Below, find the line containing "An Endurance 37 sailboat for sale"; from there to the final line, print every line exactly and skip the pictures.
───
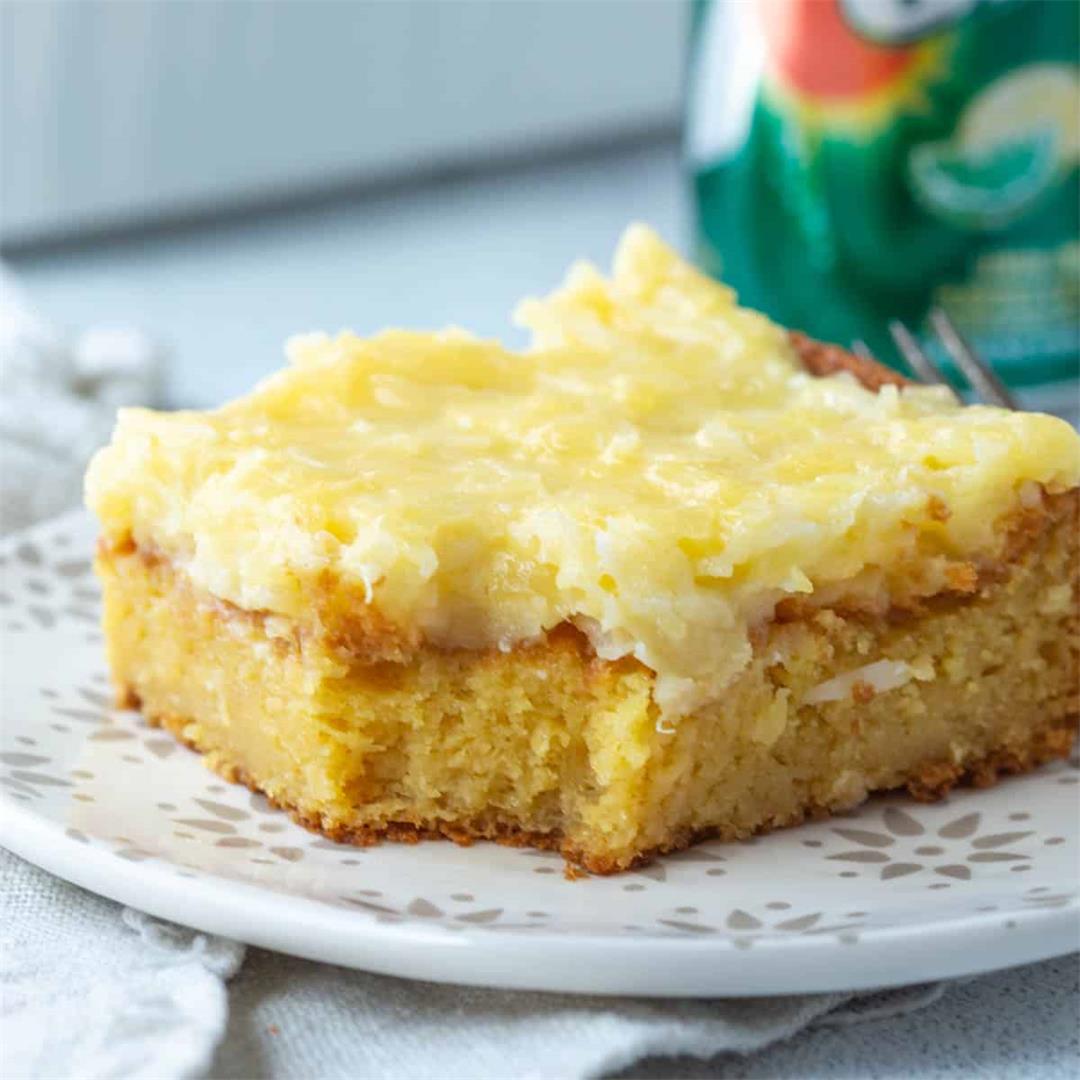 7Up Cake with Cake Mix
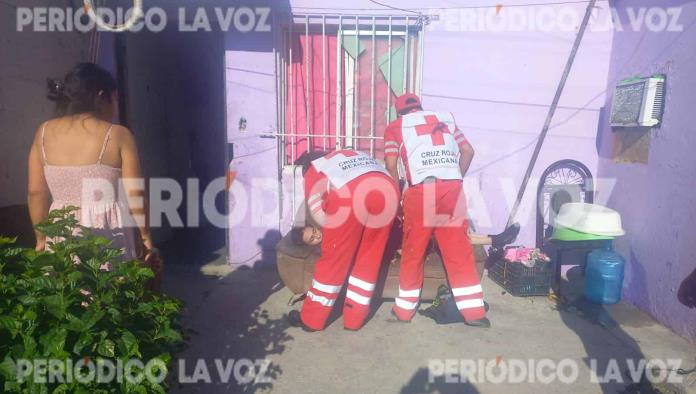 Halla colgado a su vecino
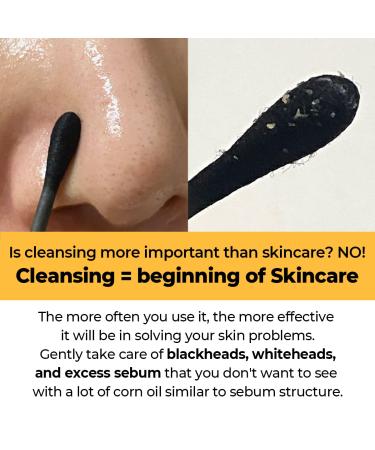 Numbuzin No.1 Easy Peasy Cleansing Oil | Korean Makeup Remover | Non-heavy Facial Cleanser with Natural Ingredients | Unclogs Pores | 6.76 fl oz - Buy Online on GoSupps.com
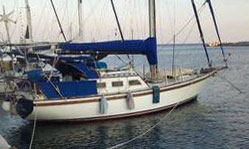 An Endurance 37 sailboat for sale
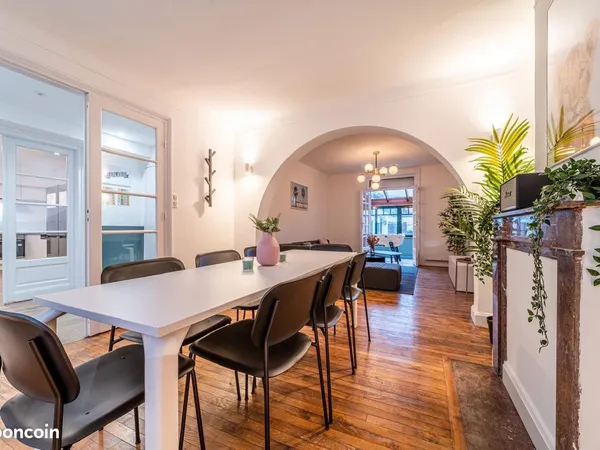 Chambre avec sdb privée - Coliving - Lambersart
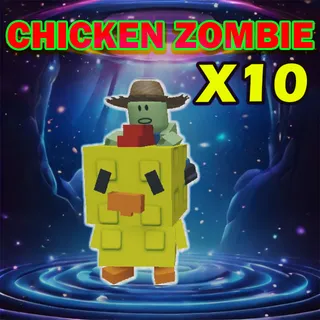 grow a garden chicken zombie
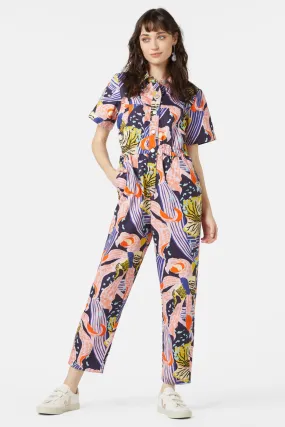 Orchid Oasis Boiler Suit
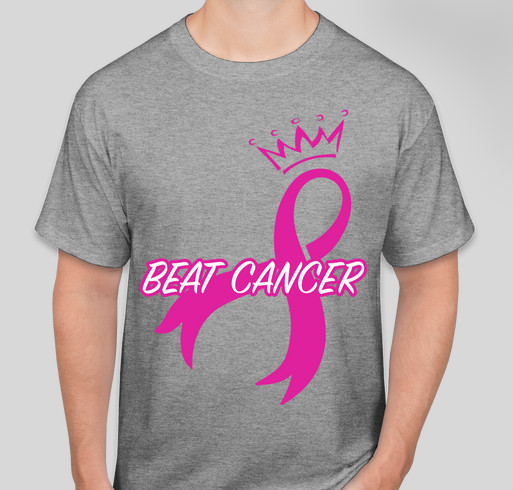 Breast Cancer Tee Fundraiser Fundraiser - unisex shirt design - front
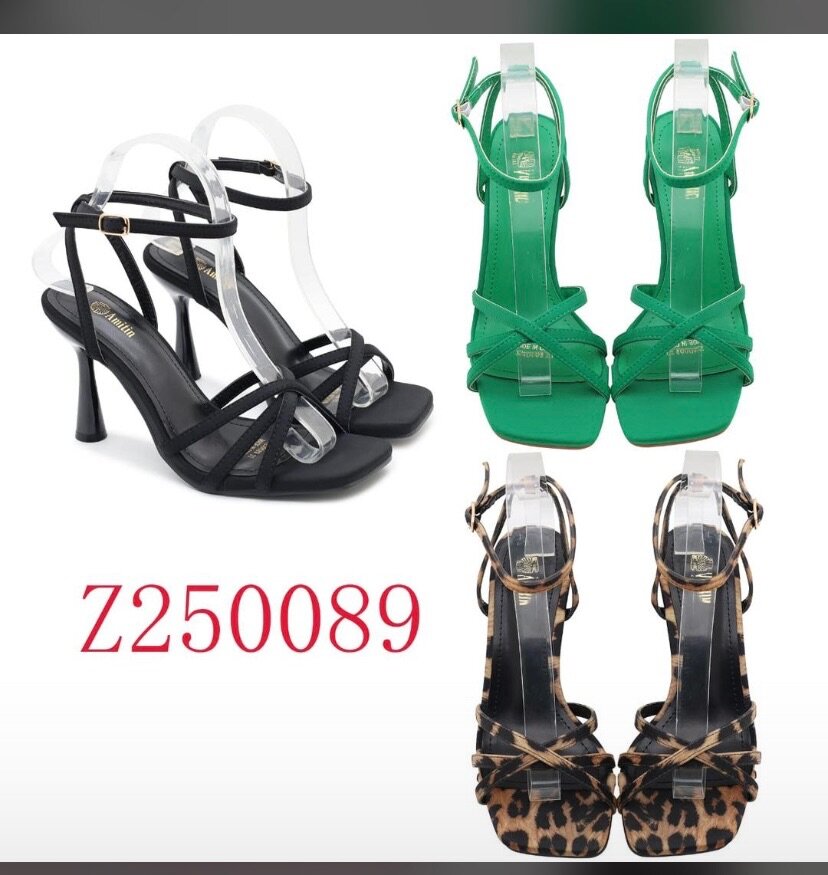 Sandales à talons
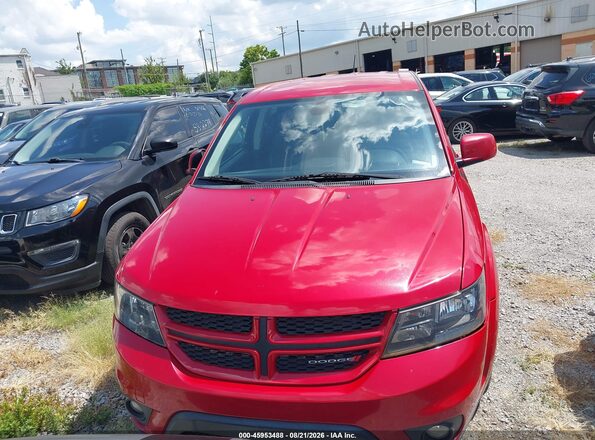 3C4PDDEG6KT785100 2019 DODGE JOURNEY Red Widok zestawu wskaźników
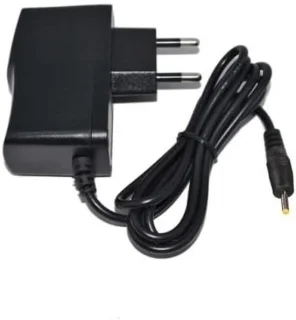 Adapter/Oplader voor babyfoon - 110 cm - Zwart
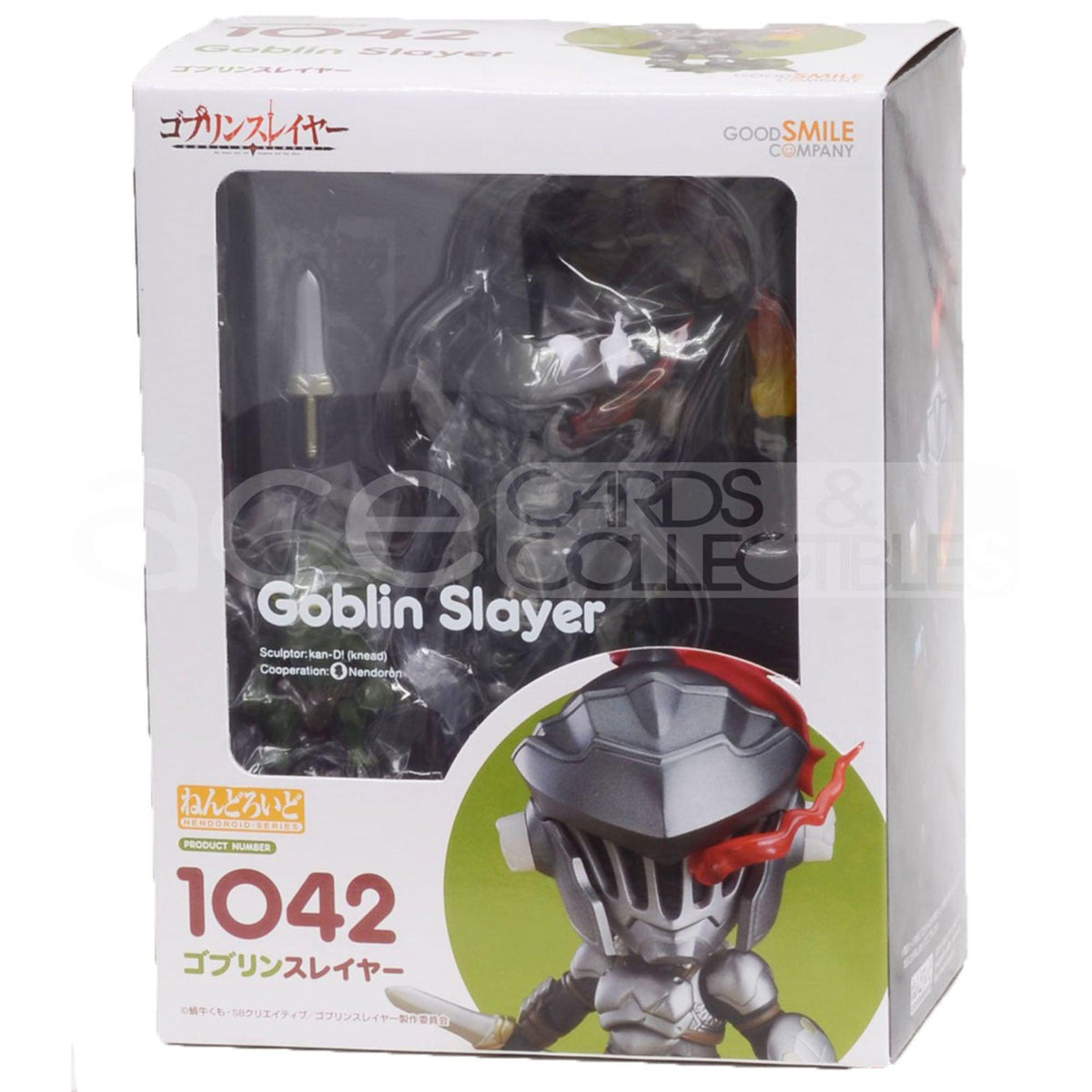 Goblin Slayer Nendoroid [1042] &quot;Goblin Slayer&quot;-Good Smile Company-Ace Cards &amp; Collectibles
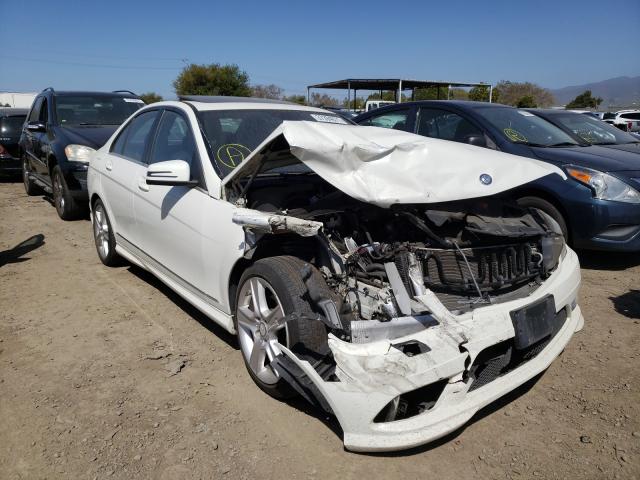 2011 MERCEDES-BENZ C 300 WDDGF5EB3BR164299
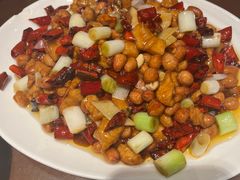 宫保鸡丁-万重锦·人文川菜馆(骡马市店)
───
Response for this exercise
 An Endurance 37 sailboat for sale
 Chambre avec sdb privée - Coliving - Lambersart
 grow a garden chicken zombie
 Orchid Oasis Boiler Suit
 Breast Cancer Tee Fundraiser Fundraiser - unisex shirt design - front
 Sandales à talons
 3C4PDDEG6KT785100 2019 DODGE JOURNEY Red Widok zestawu wskaźników
 Adapter/Oplader voor babyfoon - 110 cm - Zwart
 Goblin Slayer Nendoroid [1042] &quot;Goblin Slayer&quot;-Good Smile Company-Ace Cards &amp; Collectibles
 2011 MERCEDES-BENZ C 300 WDDGF5EB3BR164299
 宫保鸡丁-万重锦·人文川菜馆(骡马市店)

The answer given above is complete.